(Stored data entries)
┄┄┄┄┄┄┄┄┄┄

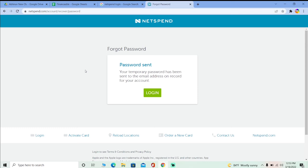Once you're on the password reset page of NetSpend, enter your new password. Once you enter your new password, it's basically done. Try to log in to your NetSpend account again with the new password — it should work. This is the process on how you can recover your NetSpend account.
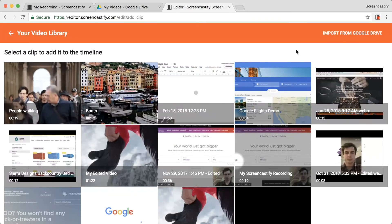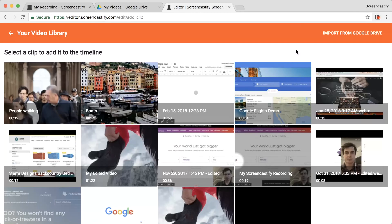For step-by-step instructions on how to use our editor, visit our Help section at help.screencastify.com. Enjoy!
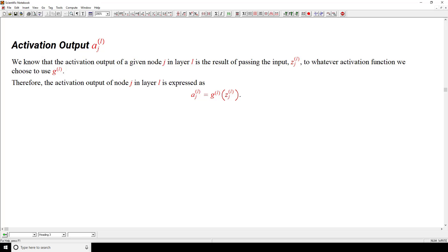This observation is in regards to the activation output. We know that the activation output of a given node J in layer L is the result of passing the input Z sub J superscript L to whatever activation function we choose to use, represented as G superscript L. Therefore, the activation output of node J in layer L, represented with the notation A sub J superscript L, is expressed as passing our input Z sub J superscript L to our activation function for this layer, G superscript L.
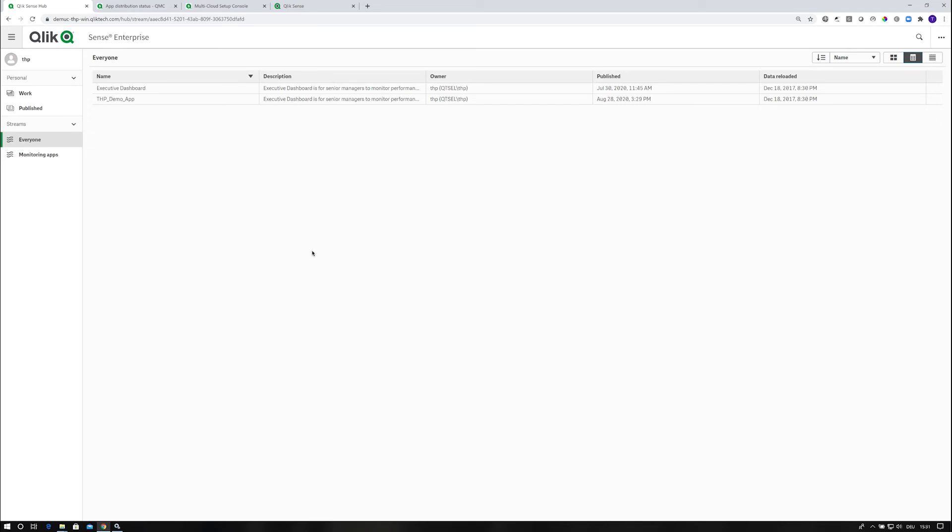That's concluding the demo for what we're going to deliver here from a back-end perspective in the upcoming September release within our Qlik Sense Enterprise Client Managed environment, which is our Windows platform.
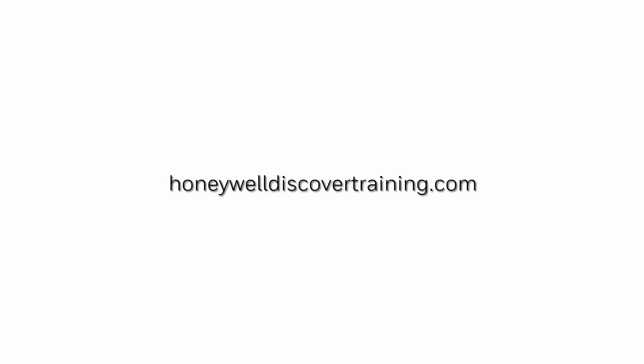For more information and videos please visit our webpage honeywelldiscovertraining.com.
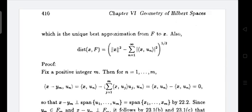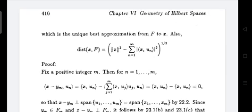Consider the inner product ⟨x − Y_M, u_N⟩ for N = 1 to M. This equals the inner product ⟨x, u_N⟩ minus ⟨Y_M, u_N⟩. Now Y_M is defined as the summation J = 1 to M of ⟨x, u_J⟩ · u_J, so ⟨Y_M, u_N⟩ = ⟨x, u_N⟩ by the orthonormality condition, giving J = N. Therefore ⟨x, u_N⟩ − ⟨x, u_N⟩ = 0.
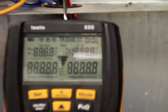All right, I'm going to demonstrate the Delta P function on the Testo 550. The first thing we do is power it up.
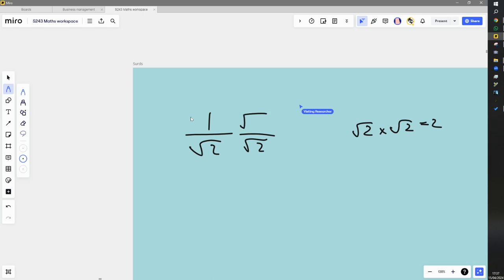What we can do is multiply it by root 2 over root 2, because this fraction here is of course just 1. So multiplying something by 1 won't affect it at all. So we then just look at the top, which is 1 times root 2, and the bottom, which is root 2 times root 2, and we get that.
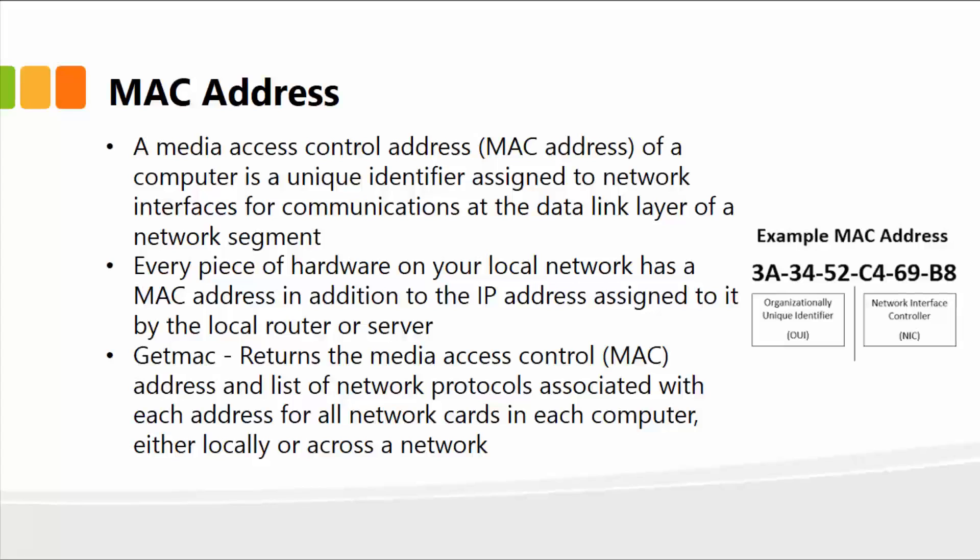Now you have a house address, but you also have, in addition, a MAC address assigned to it by the local router or server. The getmac command simply returns the MAC address and a list of network protocols that are associated with it, with each address for all the network cards in your computer, or across the network, either locally or over your local area network or wide area network.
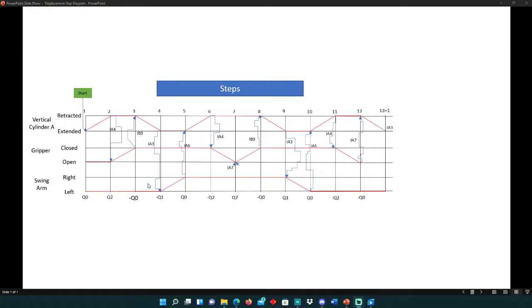This is Mech 201 Systems Approach. As you can see, we have a displacement step diagram. On the left here we have vertical cylinder A, the gripper, and the swing arm.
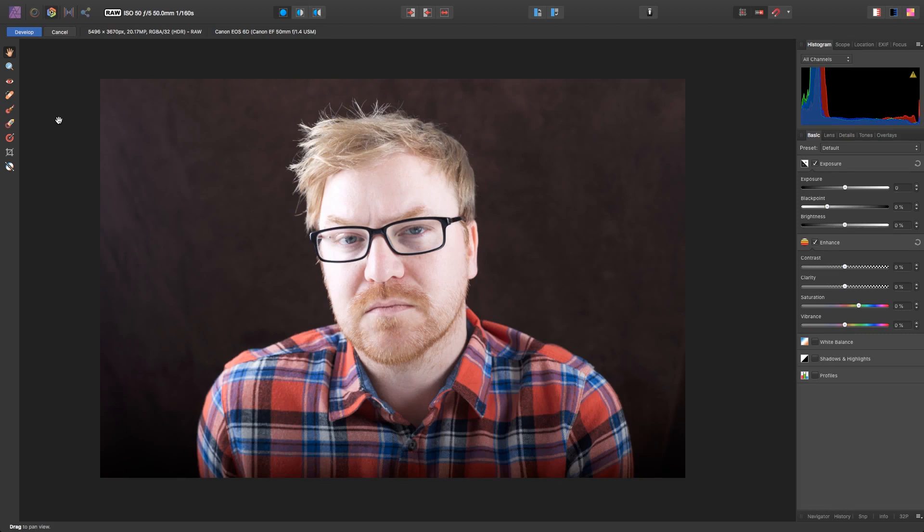Hello and welcome to this Affinity Photo tutorial. When it comes to professional portrait photography, clicking the shutter is only half the job completed.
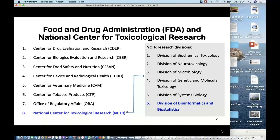I come from the US Food and Drug Administration, the FDA. Nowadays the FDA has been in the news quite a bit. Earlier this week our commissioner made an announcement of emergency use authorization of convalescent plasma for treatment of COVID-19. FDA is a large organization with eight centers. I'm working at the National Center for Toxicological Research, or NCTR, which focuses on regulatory science research. Within NCTR we have six research divisions, and I head the Division of Bioinformatics and Biostatistics.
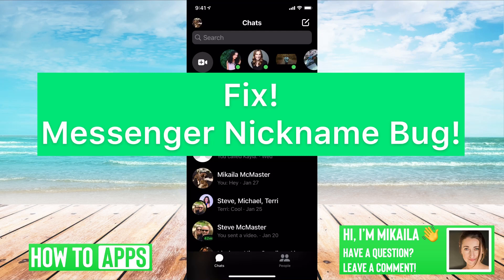Hey guys, it's Mikaela and today I'm going to walk you through a fix for your Messenger nickname bug. It's pretty quick and simple, so let's jump in.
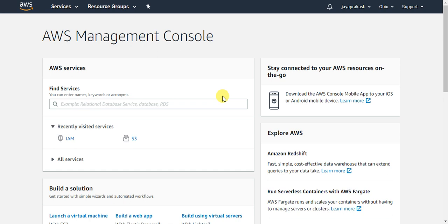In this video I want to show you how to create an IAM user and password. Suppose you are the root account owner of your AWS account and you want to grant access to some developer. The developer wants to work in your AWS account, but you don't want him to log in with your root account credentials, and you also don't want to grant him full administrator access.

┄┄┄┄┄┄┄┄┄┄

Brief ->
Return the data above unchanged. Pictures are not part of the copy.

Solution to the exercise ->
Once you're on the password reset page of NetSpend, enter your new password. Once you enter your new password, it's basically done. Try to log in to your NetSpend account again with the new password — it should work. This is the process on how you can recover your NetSpend account.
For step-by-step instructions on how to use our editor, visit our Help section at help.screencastify.com. Enjoy!
This observation is in regards to the activation output. We know that the activation output of a given node J in layer L is the result of passing the input Z sub J superscript L to whatever activation function we choose to use, represented as G superscript L. Therefore, the activation output of node J in layer L, represented with the notation A sub J superscript L, is expressed as passing our input Z sub J superscript L to our activation function for this layer, G superscript L.
That's concluding the demo for what we're going to deliver here from a back-end perspective in the upcoming September release within our Qlik Sense Enterprise Client Managed environment, which is our Windows platform.
For more information and videos please visit our webpage honeywelldiscovertraining.com.
Consider the inner product ⟨x − Y_M, u_N⟩ for N = 1 to M. This equals the inner product ⟨x, u_N⟩ minus ⟨Y_M, u_N⟩. Now Y_M is defined as the summation J = 1 to M of ⟨x, u_J⟩ · u_J, so ⟨Y_M, u_N⟩ = ⟨x, u_N⟩ by the orthonormality condition, giving J = N. Therefore ⟨x, u_N⟩ − ⟨x, u_N⟩ = 0.
All right, I'm going to demonstrate the Delta P function on the Testo 550. The first thing we do is power it up.
What we can do is multiply it by root 2 over root 2, because this fraction here is of course just 1. So multiplying something by 1 won't affect it at all. So we then just look at the top, which is 1 times root 2, and the bottom, which is root 2 times root 2, and we get that.
Now you have a house address, but you also have, in addition, a MAC address assigned to it by the local router or server. The getmac command simply returns the MAC address and a list of network protocols that are associated with it, with each address for all the network cards in your computer, or across the network, either locally or over your local area network or wide area network.
This is Mech 201 Systems Approach. As you can see, we have a displacement step diagram. On the left here we have vertical cylinder A, the gripper, and the swing arm.
Hello and welcome to this Affinity Photo tutorial. When it comes to professional portrait photography, clicking the shutter is only half the job completed.
I come from the US Food and Drug Administration, the FDA. Nowadays the FDA has been in the news quite a bit. Earlier this week our commissioner made an announcement of emergency use authorization of convalescent plasma for treatment of COVID-19. FDA is a large organization with eight centers. I'm working at the National Center for Toxicological Research, or NCTR, which focuses on regulatory science research. Within NCTR we have six research divisions, and I head the Division of Bioinformatics and Biostatistics.
Hey guys, it's Mikaela and today I'm going to walk you through a fix for your Messenger nickname bug. It's pretty quick and simple, so let's jump in.
In this video I want to show you how to create an IAM user and password. Suppose you are the root account owner of your AWS account and you want to grant access to some developer. The developer wants to work in your AWS account, but you don't want him to log in with your root account credentials, and you also don't want to grant him full administrator access.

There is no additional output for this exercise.